Confused yet? Don’t worry.
Simply put, the purpose of the formula is to reimburse the community proportionately to the community’s contributions to the separate house. Some key things to take away from this is that the formula only provides for reimbursement for contributions to principal, not interest. As you probably know, mortgage payments at first are mostly interest and reduce very little principal on the loan. This means that in most cases the reimbursement to the community will grow much larger over time as more payments are made and as those payments are increasingly applied to principal. Another take away is that the community will not benefit from all of the increases in value of the house due to an increasing market. Nor will the community necessarily receive dollar for dollar reimbursement for improvements made to the house, such as redoing the kitchen.

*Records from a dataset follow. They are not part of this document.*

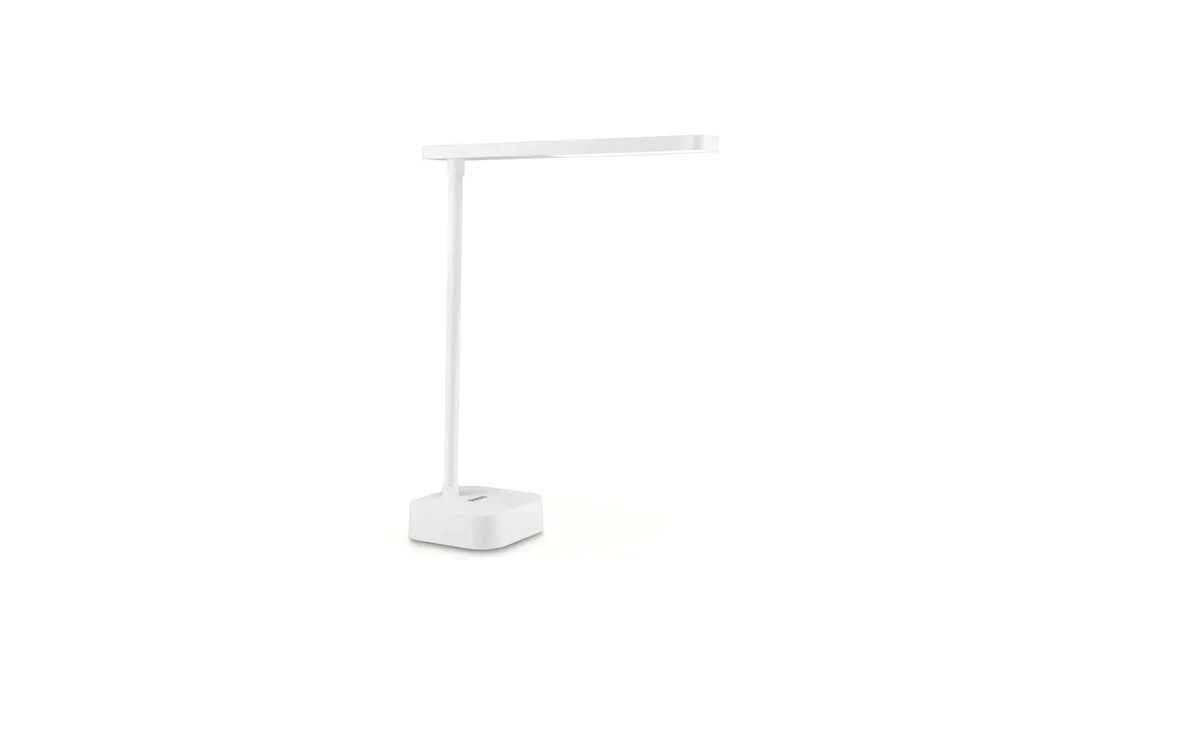 Philips Tilpa Tischleuchte weiss 55 lm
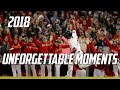 Mlb  unforgettable moments 2018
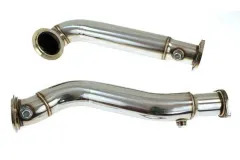 Downpipe BMW E60 N54 535i Decat największy sklep tuningowy w Polsce!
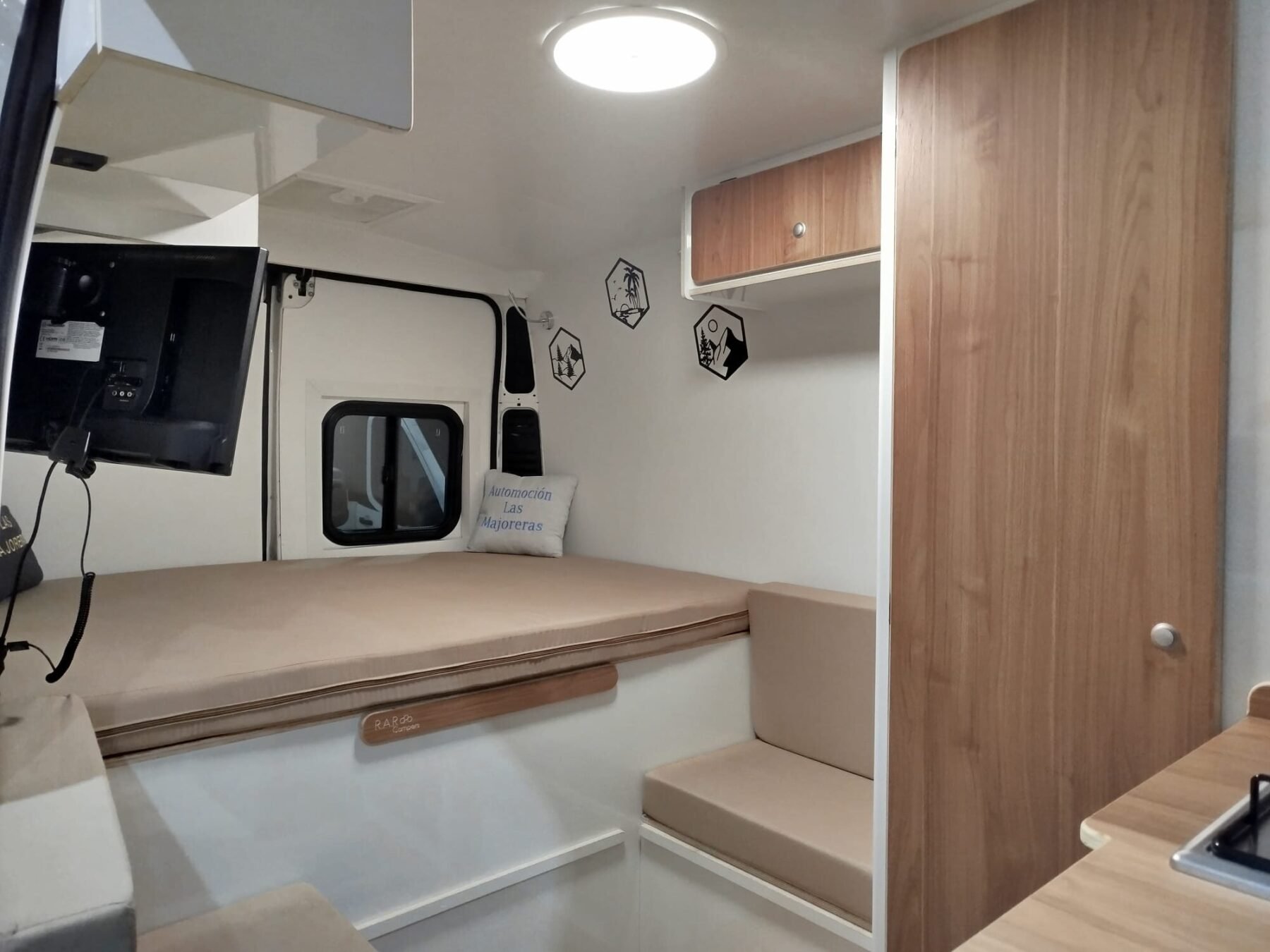 CITROEN JUMPER CAMPERIZADA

Perhaps the most important thing to think about is that the reimbursement is to the marital community, not the non-owner spouse. What does this mean? It means that the community–both parties–gets reimbursed for contributions of which the non-owner spouse will only get half. So, for example, if the community should be reimbursed $10,000.00 for contributions to principal during the marriage, then the non-owner spouse only gets $5,000.00 while the owner spouse gets to keep the house.
The overall point is that a spouse who signs a disclaimer deed (or used community funds to pay on the other spouse’s separate property owned prior to marriage) can obtain some equitable relief in divorce and there is a formula for reimbursement. There is plenty of discovery that needs to be conducted to prove the extent of a community lien. If you find yourself in a situation where you signed a disclaimer deed or paid on your spouse’s separate property during the marriage, you should consult with an Arizona divorce lawyer for advice and get an idea as to where you stand when it comes time to divide property.